Clone Wars proved a galactic task for production team
How do you tell a $50-million-per-hour story on a $2-million-per-hour budget? That was the challenge that producer Catherine Winder faced when Star Wars creator George Lucas told her that his latest project, an animated TV series for the Cartoon Network, was going to debut as a feature film.
“I was a little nervous because it was enough to [have to] produce a television series of this sophistication and complexity and set up a brand new studio at the same time,” Winder told the Georgia Straight in a telephone interview from Marin County, California.
“And then to have to insert, in the midst of that, a feature film that needed to finish in advance of the television series—it was just a minor challenge.”
Star Wars: The Clone Wars debuted in theatres on August 15. Set between episodes two and three of the chronologically challenged Star Wars feature-film saga, The Clone Wars takes the series into a world of animation where no stone need be left unturned. In the movie alone, new heroes and villains are introduced and Jabba the Hutt’s family is explored.
Winder said she regarded the challenge that Lucas gave her as an opportunity. “We needed to do something fantastic in a constrained way,” she said. “I actually think that it was great to start with the feature film on television because the crew was already working at a certain pace and used to that.”
Budgetary constraints forced The Clone Wars team to think outside the box, Winder continued. “I absolutely believe it worked to our advantage.”
The Clone Wars marks the first animated Star Wars feature film and Lucas hasn’t been shy to note that he wanted to do something original with computer-generated imagery.

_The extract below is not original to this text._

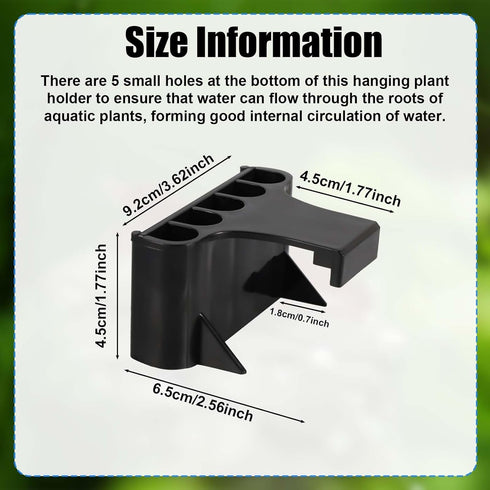 2pcs Aquarium Plant Holder, 5 Holes Top Rimmed Aquarium Floating Planter Box Plastic Aquatic Plant Cup Holder Hanging Aquarium Plant Basket Rack S...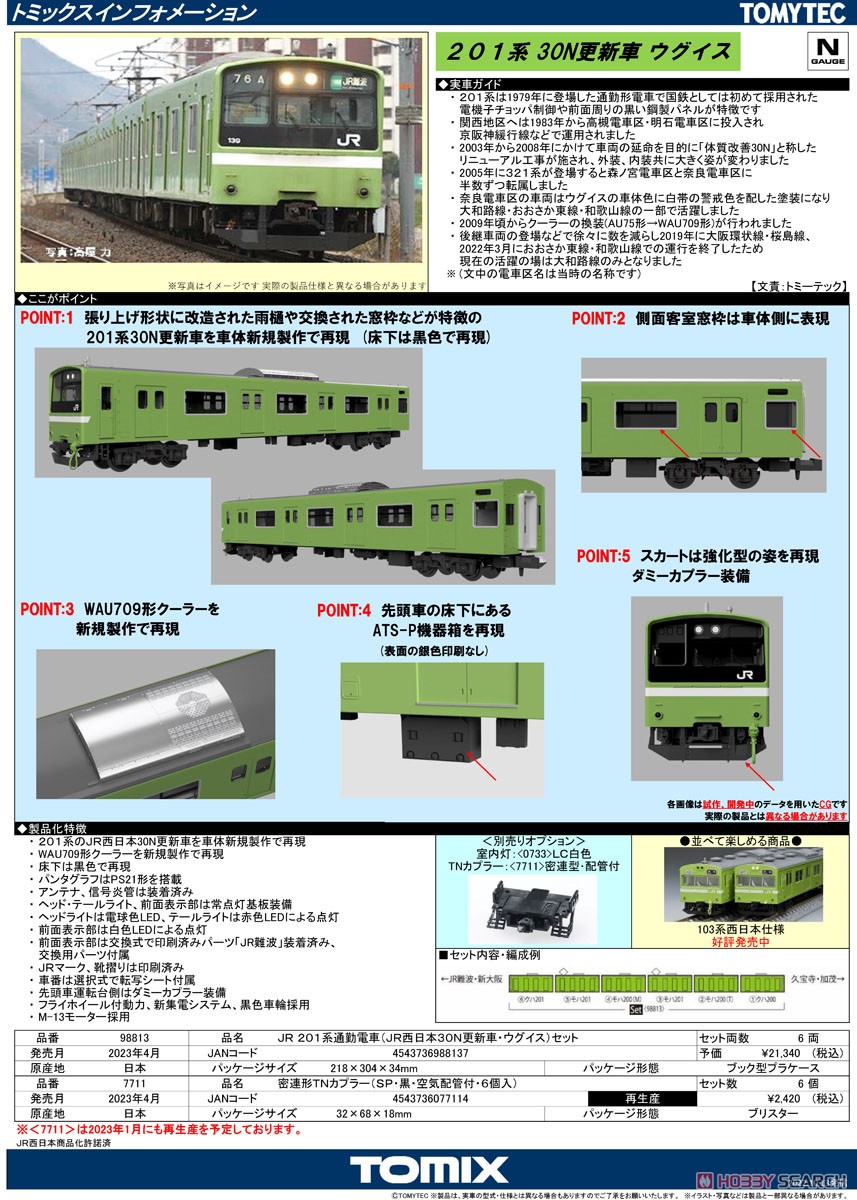 JR 201系通勤電車 (JR西日本30N更新車・ウグイス) セット (6両セット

“We set out with the goal of creating a look that no one had ever seen before,” Winder said. “So we were drawing from all different facets to come up with this.”
Influences were diverse and ranged from 1965’s Thunderbirds television series—which was shot using rudimentary marionettes—to cutting-edge Japanese anime and manga.
Winder, a native of Toronto who started in the film industry in Asia, said that her animation background fit perfectly with the artistic style that Lucas and director Dave Filoni were looking for.
“I left Canada around 20 years ago to travel around the world, ended up in Japan, and started in animation over there,” Winder said. “It was excellent because it gave me this expertise really early on in my career that allowed me to move into the States.”
In addition to drawing on international influences, Lucas’s decision to create the animated film and series like a live-action production sets The Clone Wars apart from traditional CGI films.
“We wrote it from a live-action perspective [and] shot it that way,” Winder said. That meant using long camera shots, aggressive lighting techniques, and relying on editing instead of storyboards.
From the style of animation to the new characters and environments that the film introduces, The Clone Wars embarks on a new direction for the Star Wars universe.